▸ **Work required**:
Only the lines below from the one with "Mini leather sales bucket bag" through the one with "iPhone 15 Uyumlu" are to be written out, exactly and without any images.

BEGIN Source data

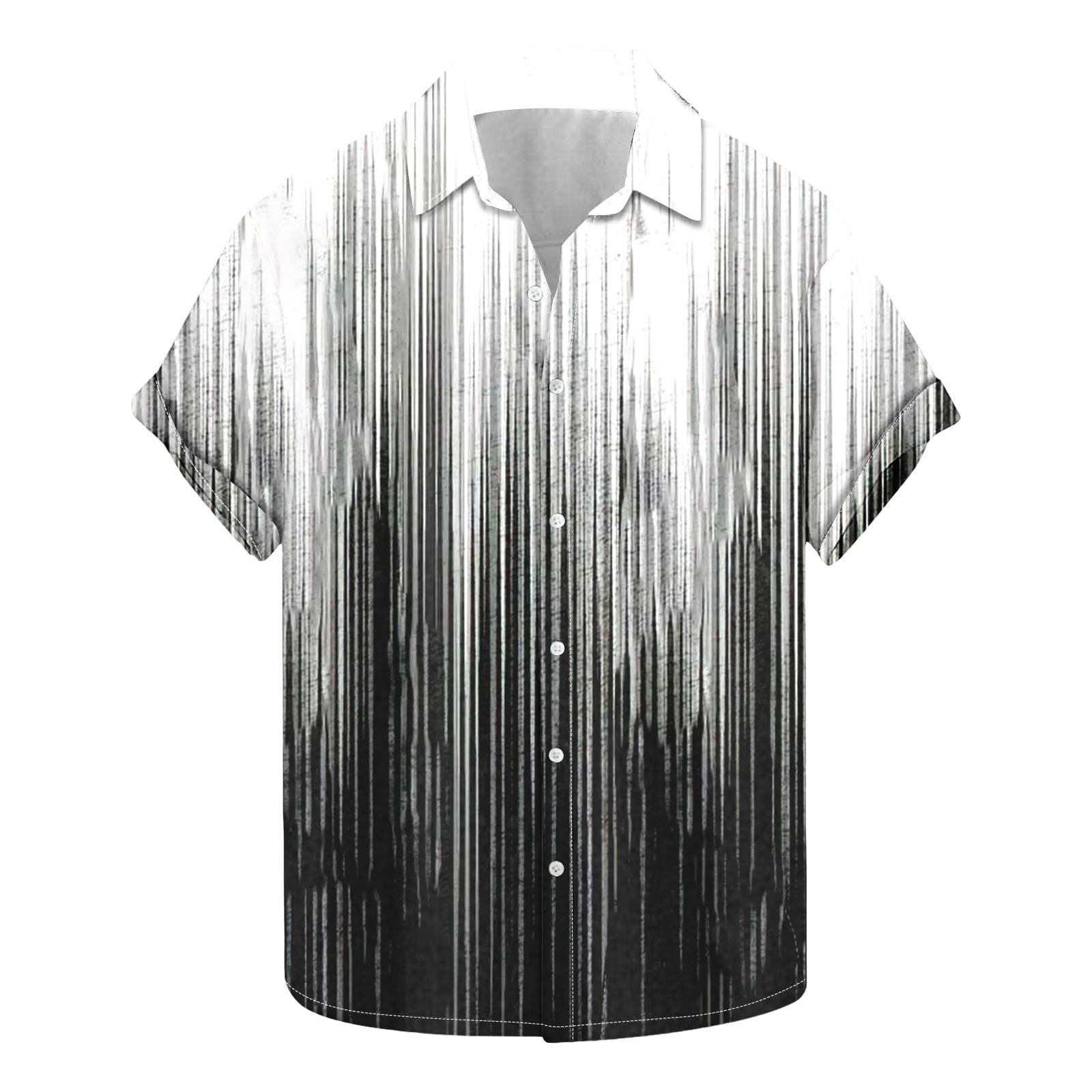 Jgppe Men's Button down Shirt Casual Plaid Collared Short Sleeve Shirts Plus Size Summer Tops Work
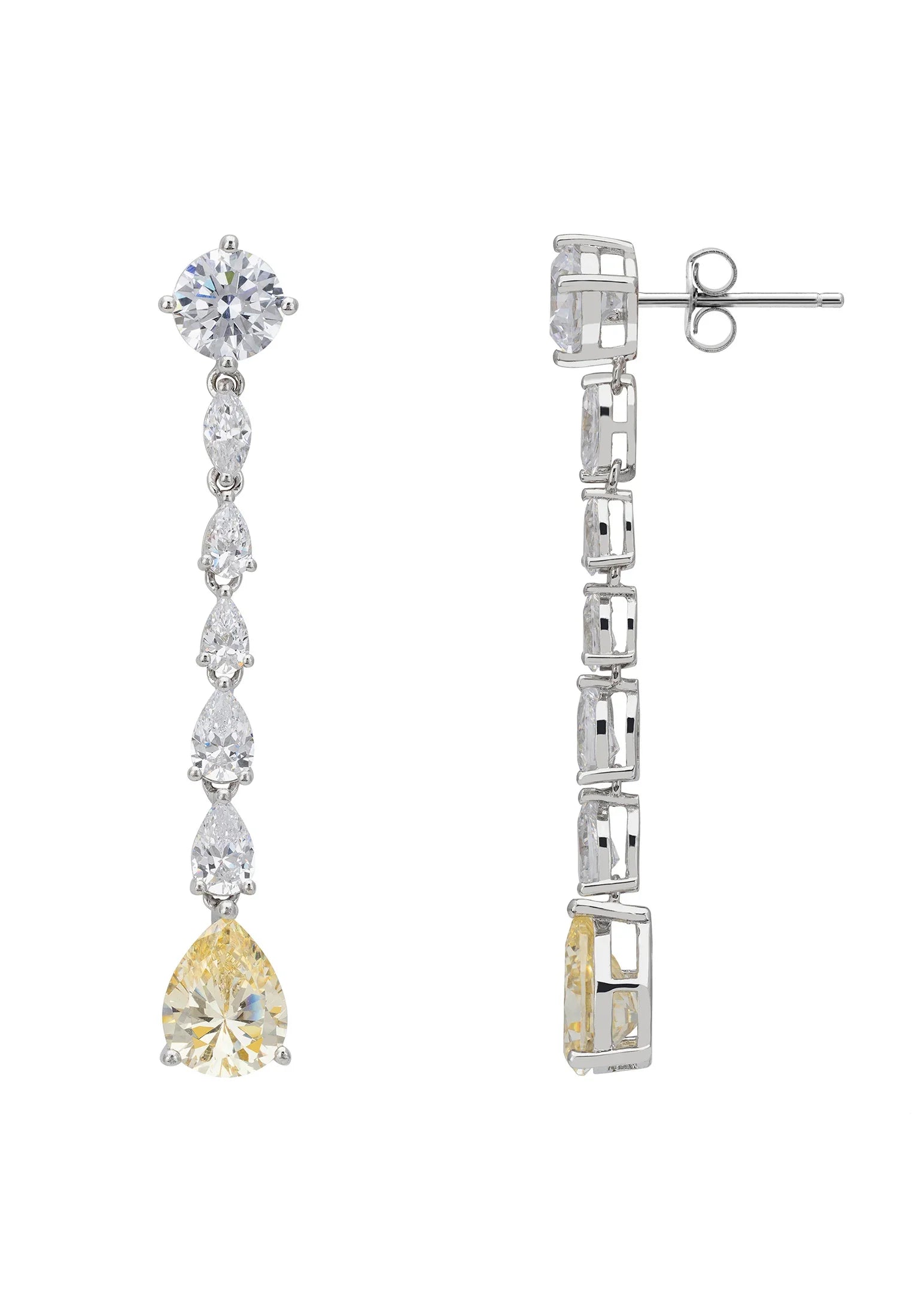 Push backing of the earrings.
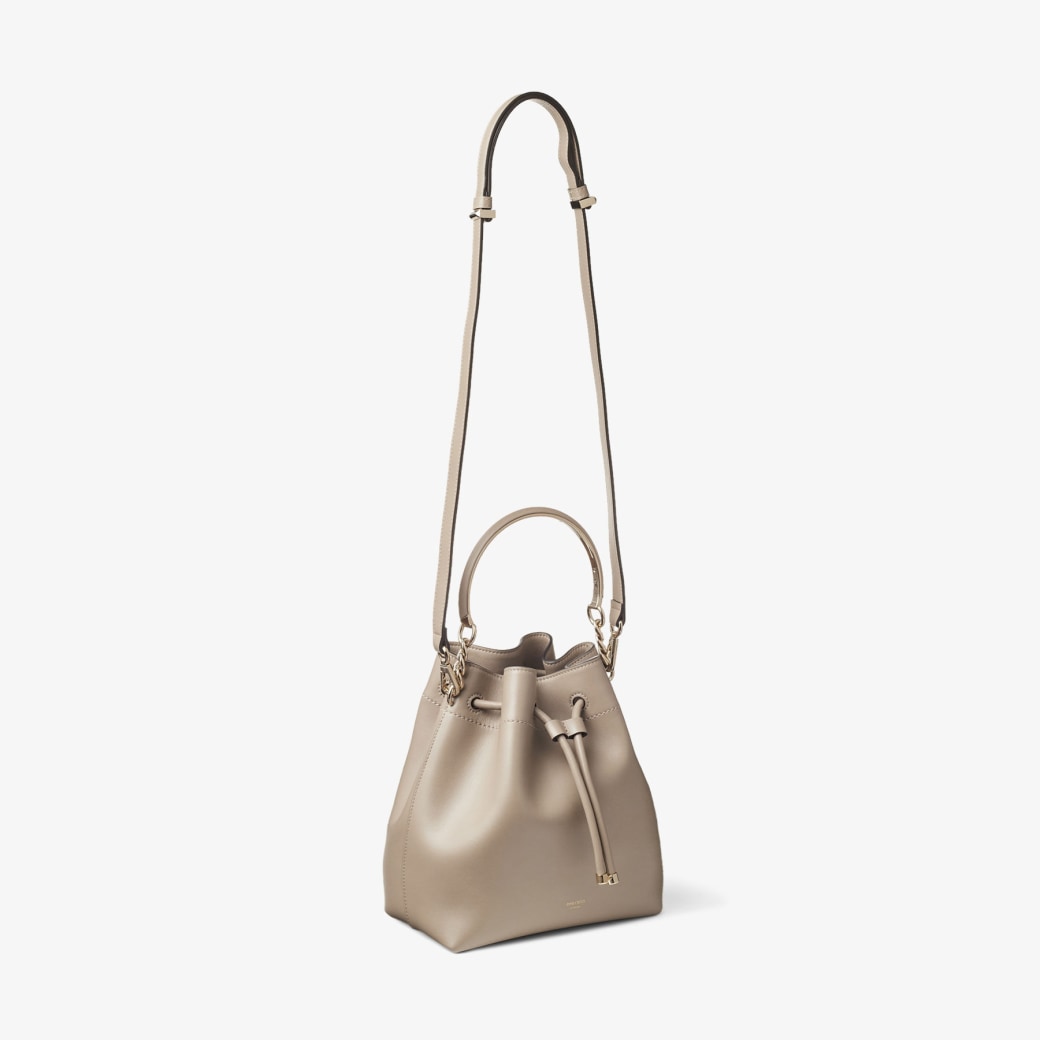Mini leather sales bucket bag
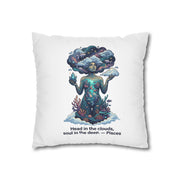 Pisces Zodiac Pillowcase – "Head in the clouds, soul in the deep" Decorative Throw Pillow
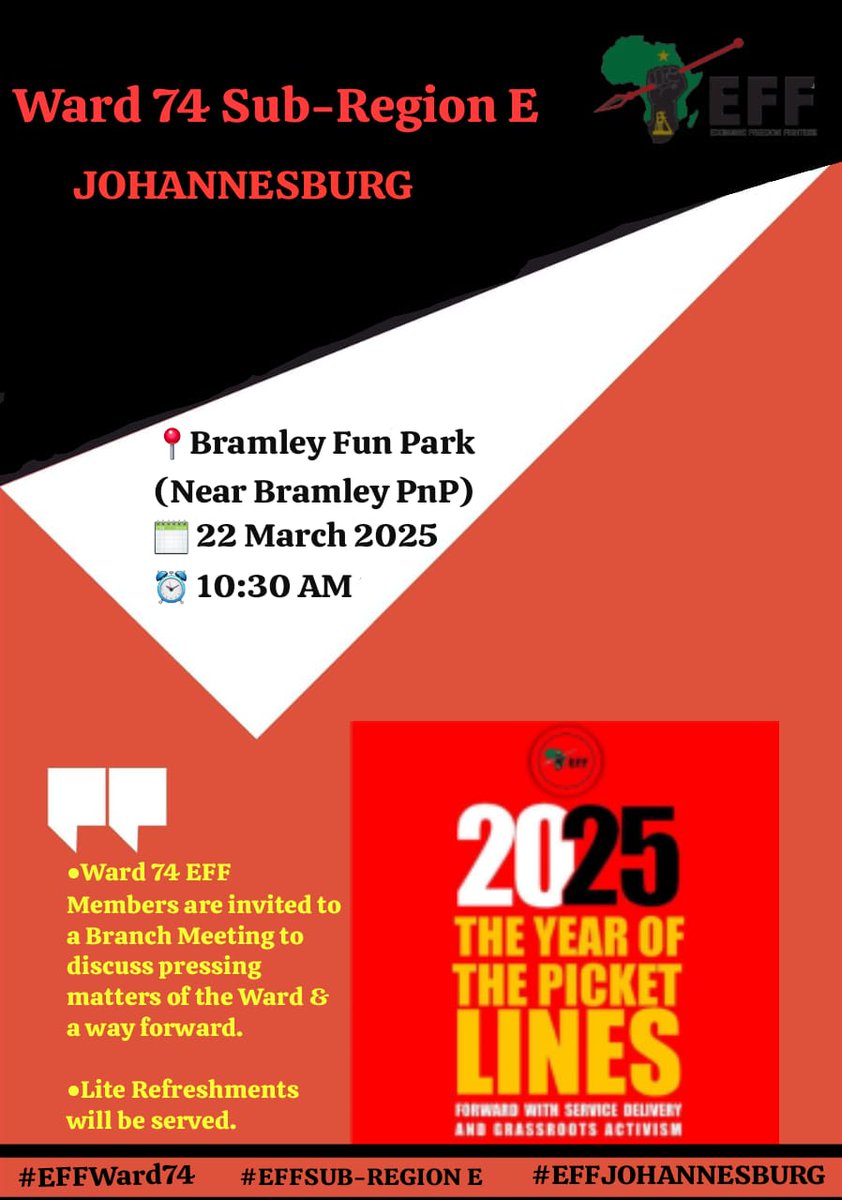 Eff_ward_74_JHB's tweet photo. 📍 https://t.co/R5tSxrlMKq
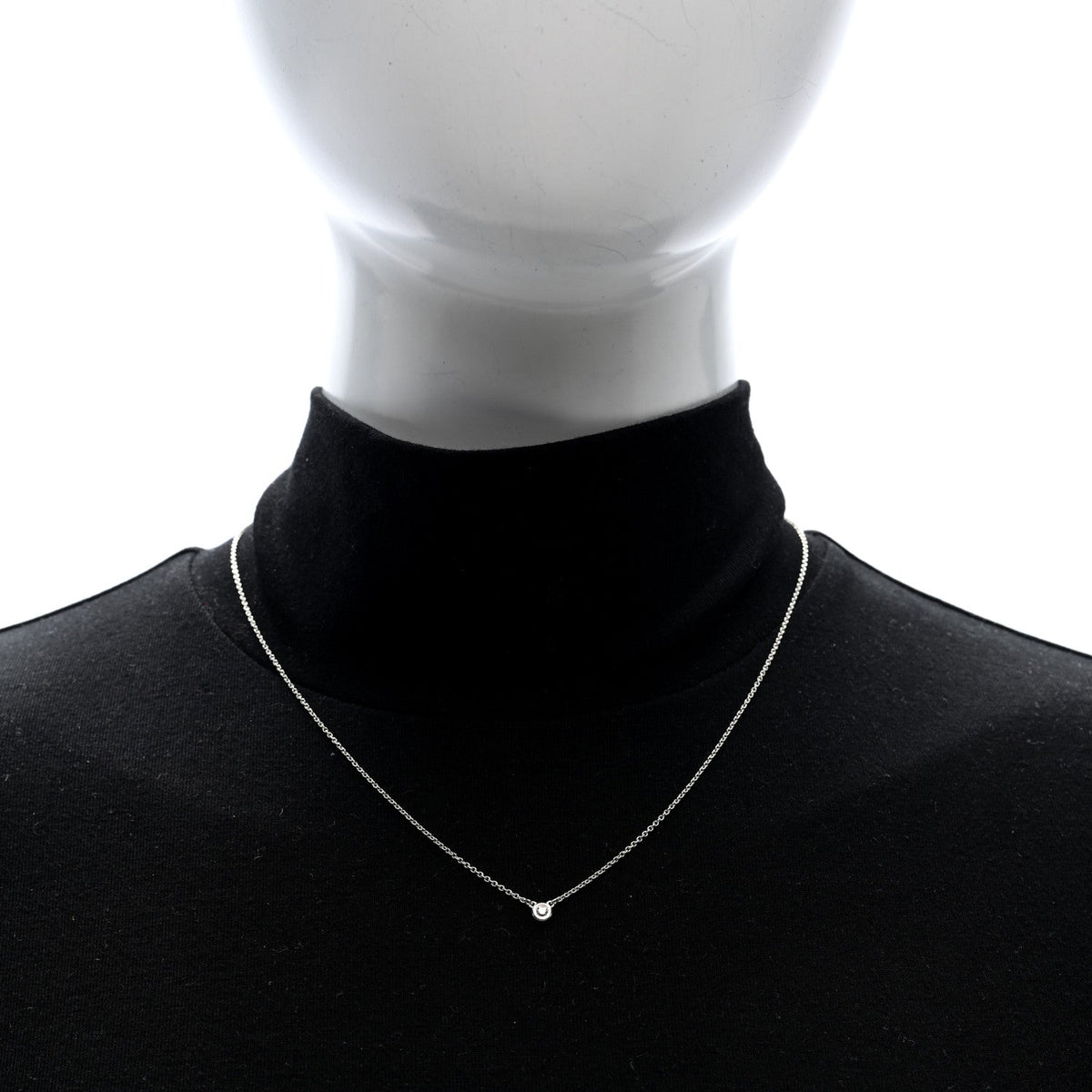 Tiffany Sterling Silver Elsa Peretti Diamonds by the Yard Pendant Necklace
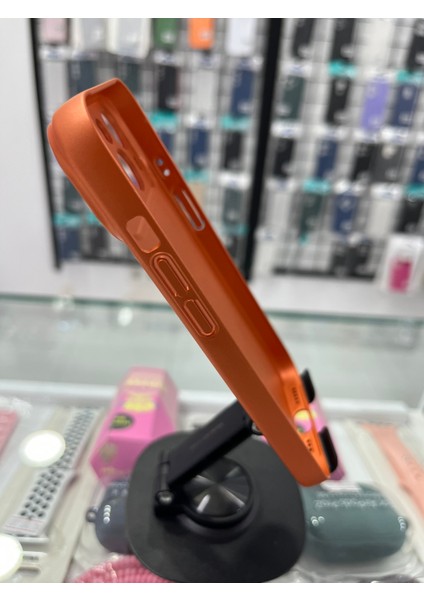 iPhone 15 Uyumlu Magsafe Özellikli Sert Ag Glass Telefon Kılıfı / 17 Pro Görünümlü modelleri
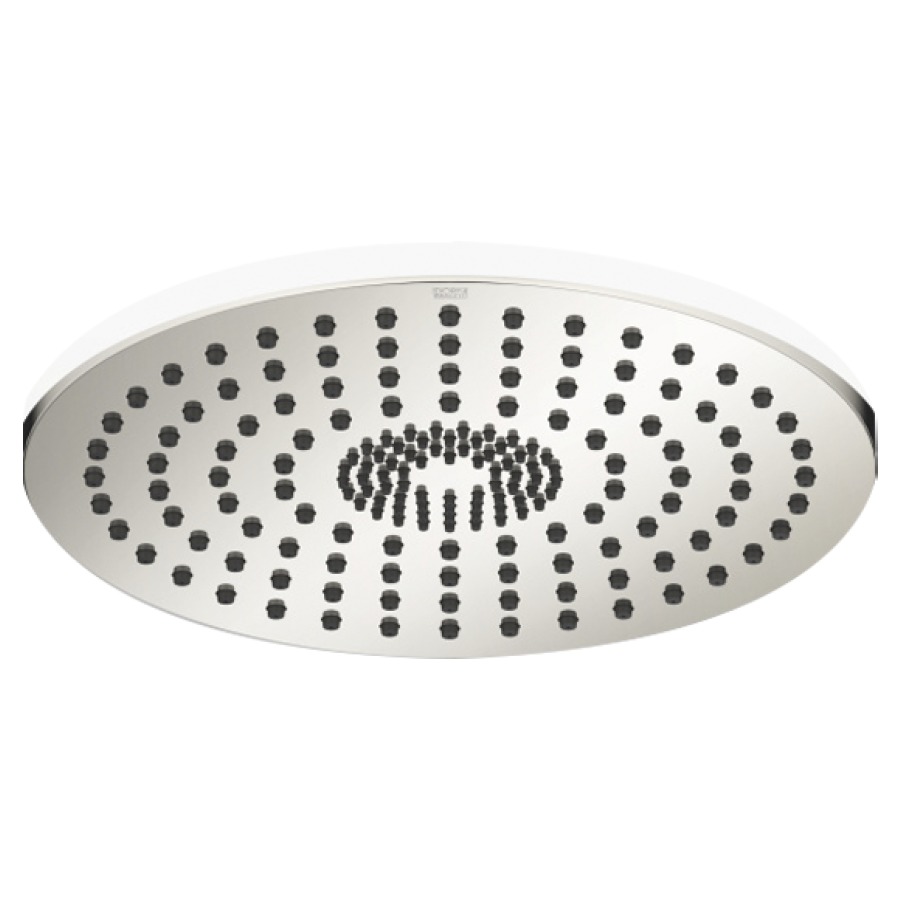 Douche de pluie DORNBRACHT
D 30 cm, système anticalcaire
encastrement au plafond 1/2"
débit 12 l/min
sans corps à encastrer 751 438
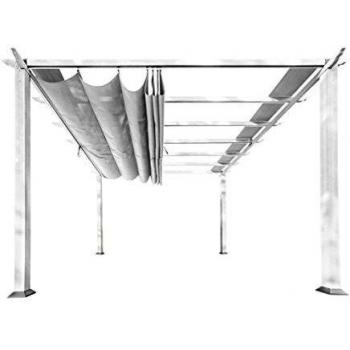 Pergola Paragon Outdoor Florenz 1116 Blanc Aluminium 350x505x236 cm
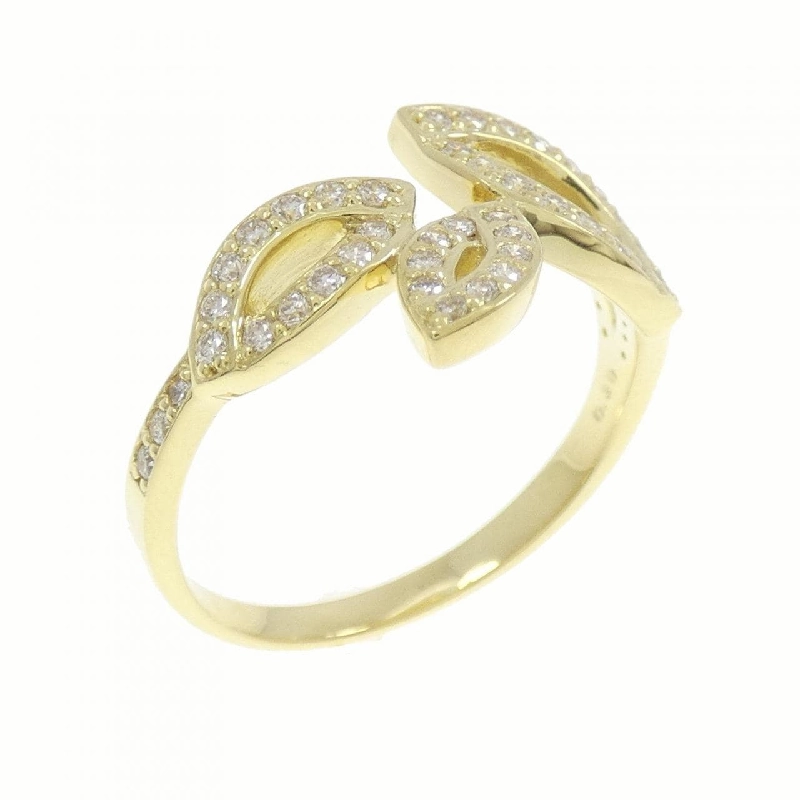 Nhẫn kim cương K18YG 0.30CT 672020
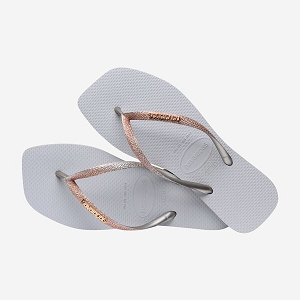 Havaianas tong square glitter ice grey grisD104701_3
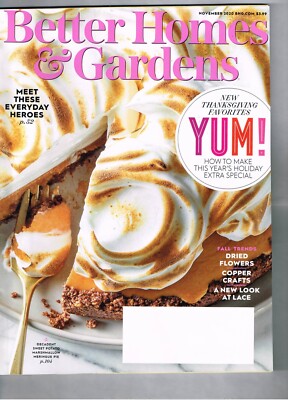 Better Homes and Gardens Magazine November 2020-image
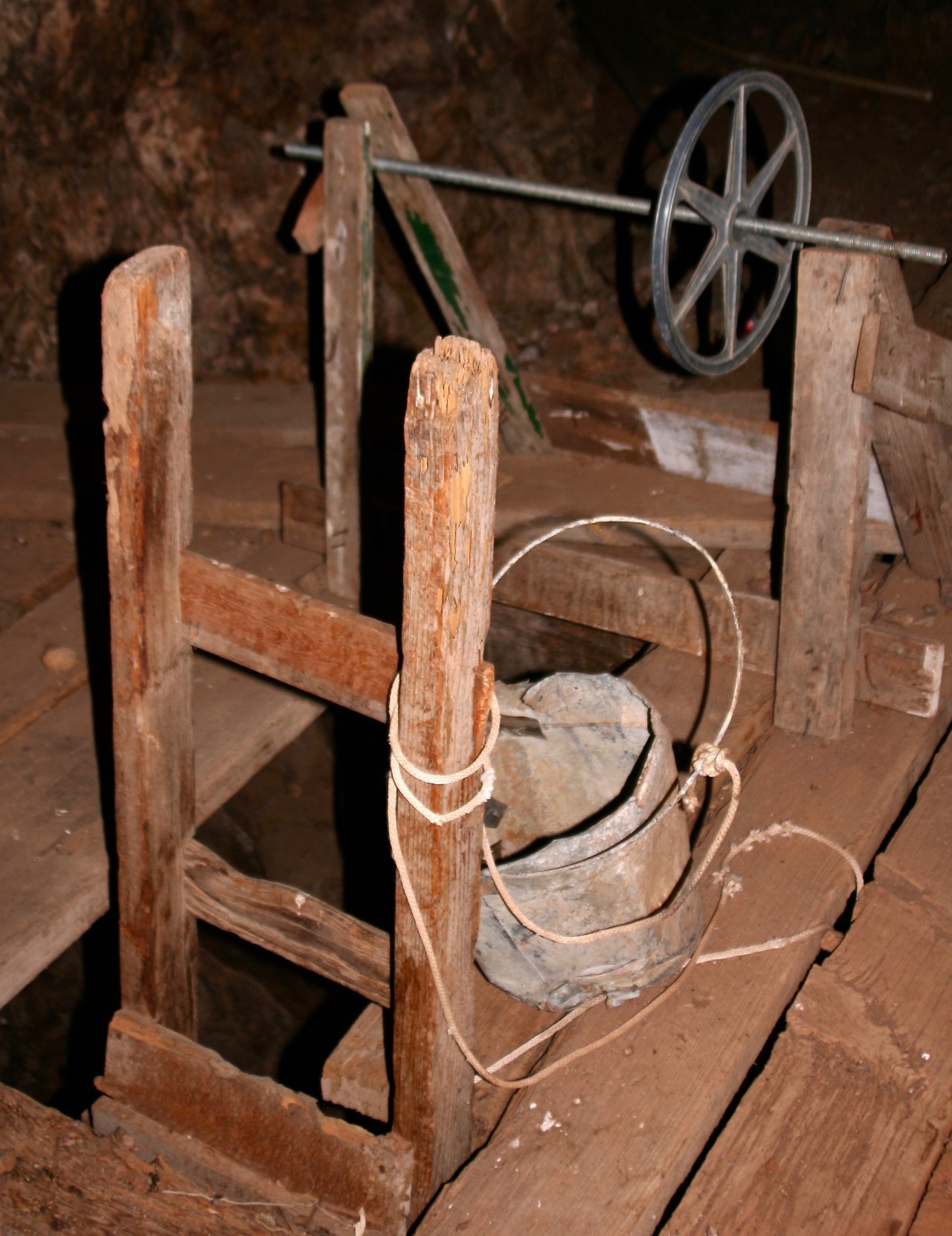 Inside a mine (still being worked?)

END Source data

▸ **Answer to this exercise**:
Mini leather sales bucket bag
 Pisces Zodiac Pillowcase – "Head in the clouds, soul in the deep" Decorative Throw Pillow
 Eff_ward_74_JHB's tweet photo. 📍 https://t.co/R5tSxrlMKq
 Tiffany Sterling Silver Elsa Peretti Diamonds by the Yard Pendant Necklace
 iPhone 15 Uyumlu Magsafe Özellikli Sert Ag Glass Telefon Kılıfı / 17 Pro Görünümlü modelleri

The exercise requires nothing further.